PROBLEM REQUIREMENTS = Starting at the line that contains "Bride escorted by" and stopping at the line that contains "Closeup of peaceful", transcribe every line of the material below exactly; pictures stay out.

══ EXERCISE DATA

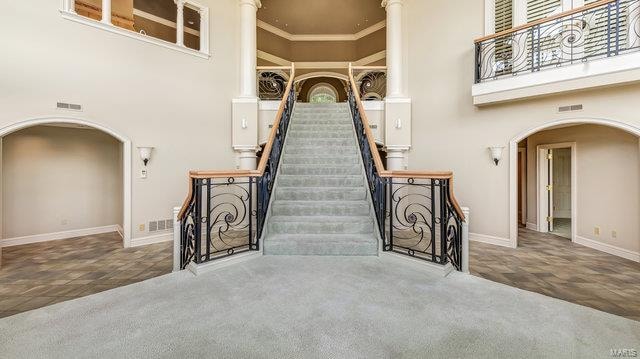 doorway to property featuring a balcony and a patio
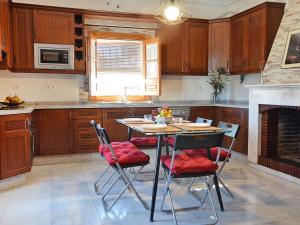 a kitchen with a table and chairs and a fireplace at Holiday Home Torreon de Morayma by Interhome in Baena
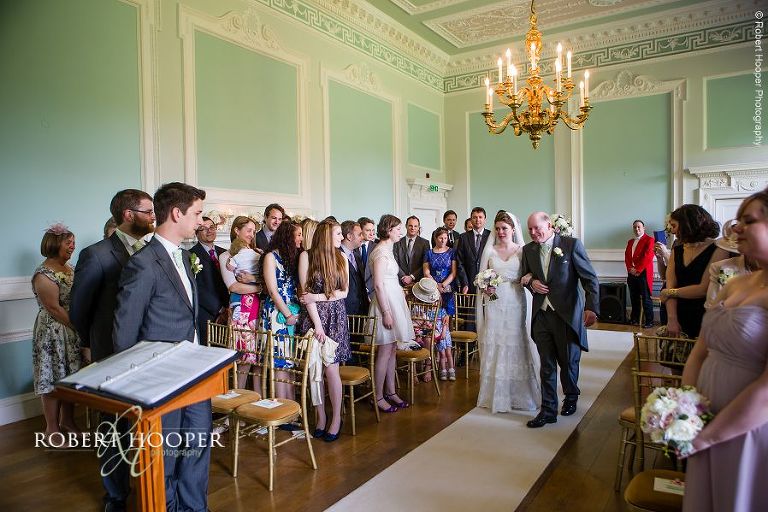 Bride escorted by father of the bride down the isle to her groom in the Green Room at Botleys Mansion Surrey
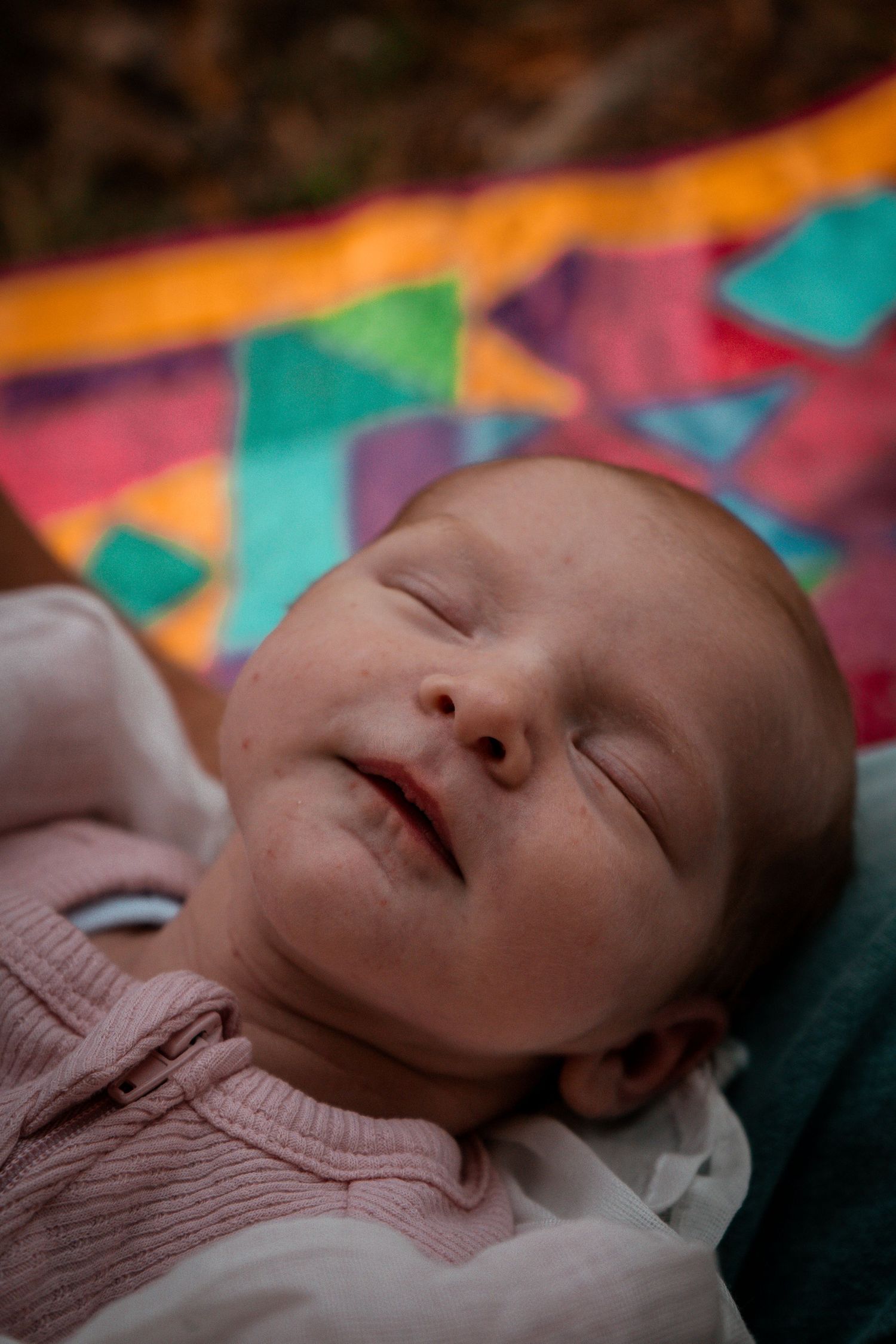 Closeup of peaceful sleeping baby against vibrant patchwork quilt background.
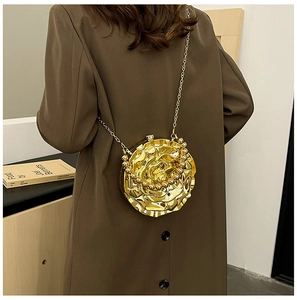 Fashionable rose shaped gold metallic bag with chain strap on a brown coat for women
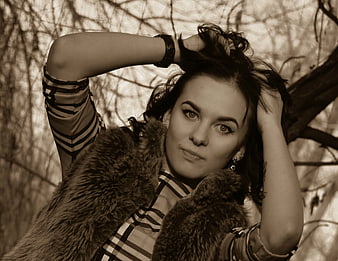 Sepia Portrait of Woman in Fur Vest in Woods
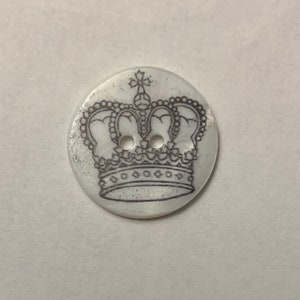 May include: White button with a black and white crown design. The button has two holes.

════

OUTPUT OF THE EXERCISE =
 Bride escorted by father of the bride down the isle to her groom in the Green Room at Botleys Mansion Surrey
 Closeup of peaceful sleeping baby against vibrant patchwork quilt background.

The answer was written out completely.